Thursday, May 31, 2012

Someone Should Listen to Paul Krugman


Mario Draghi, who runs the European Central Bank, made clear yesterday that he now feels the current arrangements for the Eurozone are unsustainable. He called on the leadership of the zone to make clear and unequivocal commitments to either its sustainability or to significant change, while clearly signaling his preference for the latter. He noted that the real battle for the Euro was being fought in Italy and Spain – suggesting he already sees Greece out iof the zone following a default.

At almost the same time, the EU commissioner for economic matters, Olli Rhen, was making similar statements. Suggesting it was time for some serious and focused leadership from his political masters, Rhen said that the single currency’s members needed “a genuine stability culture and a much upgraded common capacity to contain common contagion. This is the case, at least if we want to avoid a disintegration of the Eurozone and if we want it to survive.”
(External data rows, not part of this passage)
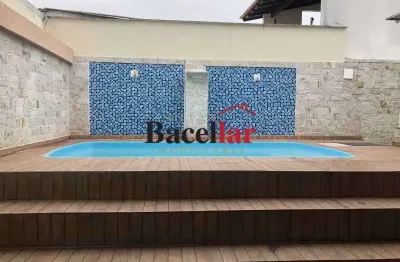 Casa em condomínio fechado com 4 quartos para alugar na vila esparta, portuguesa, rio de janeiro, 220 m2 por r$ 6.800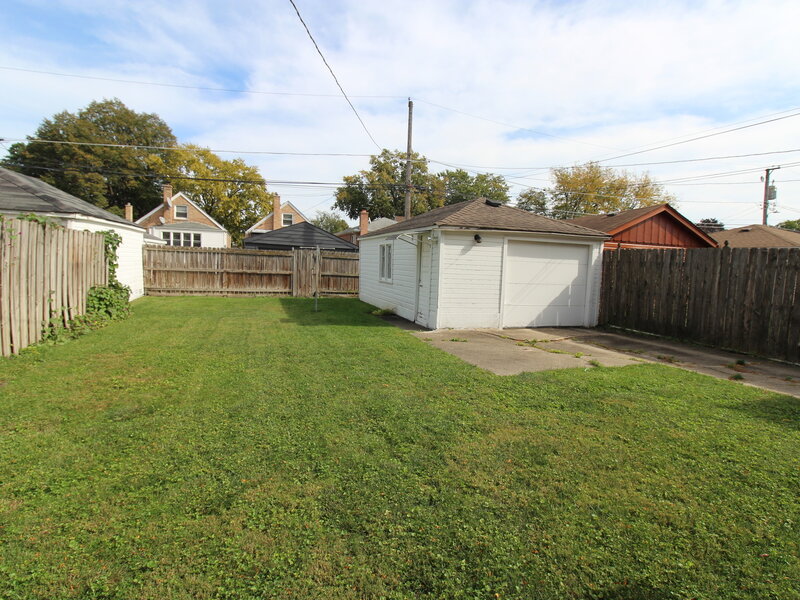 5431 N Natoma Avenue Chicago IL 60656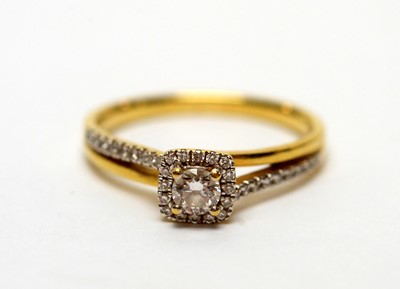 Lot 129 - A diamond cluster ring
As these words were being uttered, the electrorate in Ireland were being asked to vote in favour or against the fiskalunion compact and its austerity implications for Ireland, with a “yes” vote looking likely.
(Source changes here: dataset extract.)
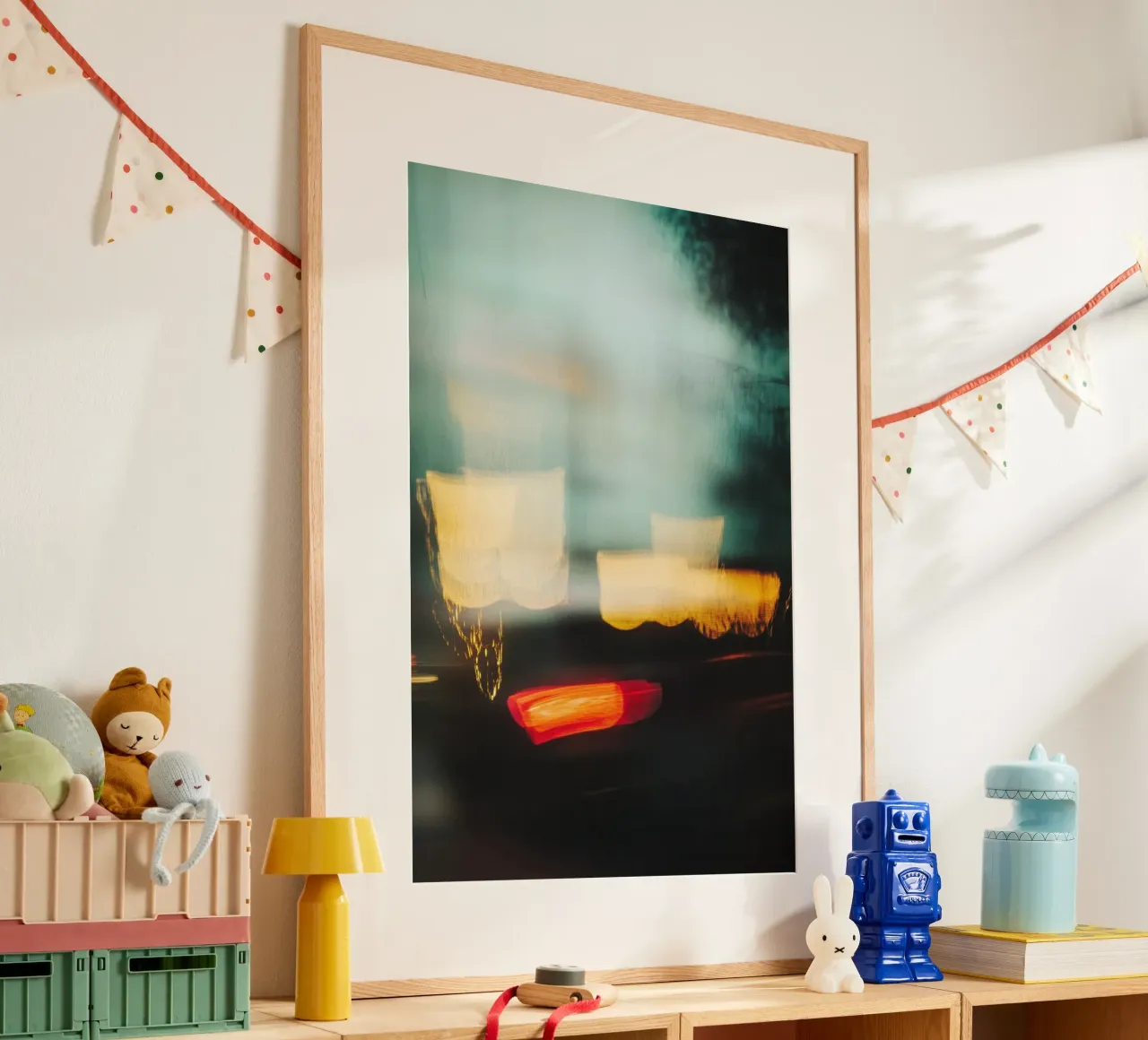 Le luci fugaci di una strada trafficata poster con telaio in legno da Le Flou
So an eventful day in Europe. The clock is indeed ticking and the time for a Greek exit and a Spanish and Italian bailout appear imminent. Greece will default and leave the Euro, though some are floating the idea of “defaulting” within the Euro – impossible under all of the agreements Greece has signed and all members of the fiskalunion compact have agreed to. Spain is wandering around in the wilderness of debt financing looking for someone or something to save its ailing banking system and support its government. Italy is reeling from two major earthquakes and the earth shattering silence of its core economy. It’s a mess.
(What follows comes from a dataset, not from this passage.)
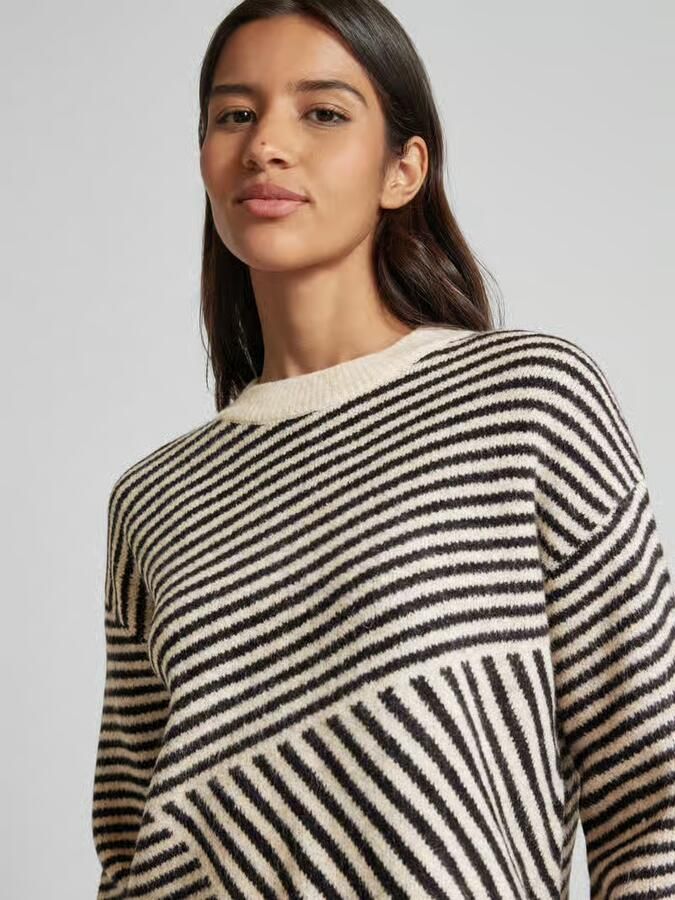 Kaffe Gebreide pullover met extra brede schouders model 'Averana' - Foto 2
Paul Krugman is in Europe promoting the view that almost everyone who is supporting the Eurozone strategy of austerity has it dead wrong. Austerity is not inspiring business confidence, is not working and is morally wrong. Austerity is leading to a lost generation of young people and the idea that they will all go off and start their own businesses is just pure nonsense (as indeed it is). What is needed, he suggests, is more infrastructure and public spending, modest rise in inflation and the encouragement of risk.

He is getting some serious negative reaction, with most who discuss the issue with him being simply incredulous that a Nobel prize winning economist could be so out of tune with the dominant view. Precisely. This is what thinkers do – challenge orthodoxy. This is why he won the Nobel prize.

He does make the point that, once unemployment starts to go down and we see economic growth occurring, then is the time to reduce public spending and lower debt – but most don’t hear this part.

His suggestion that the current fixation on austerity is actually an ideology not an evidence based strategy also gets people upset. “If a family is in serious debt they must reduce it” say his critics and he responds, politely but firmly, that an economy is very different from a household and we cant see the analogy taking us very far.

But at least he is a willing crusader against wrong-minded and failing economic policies. Someone should listen.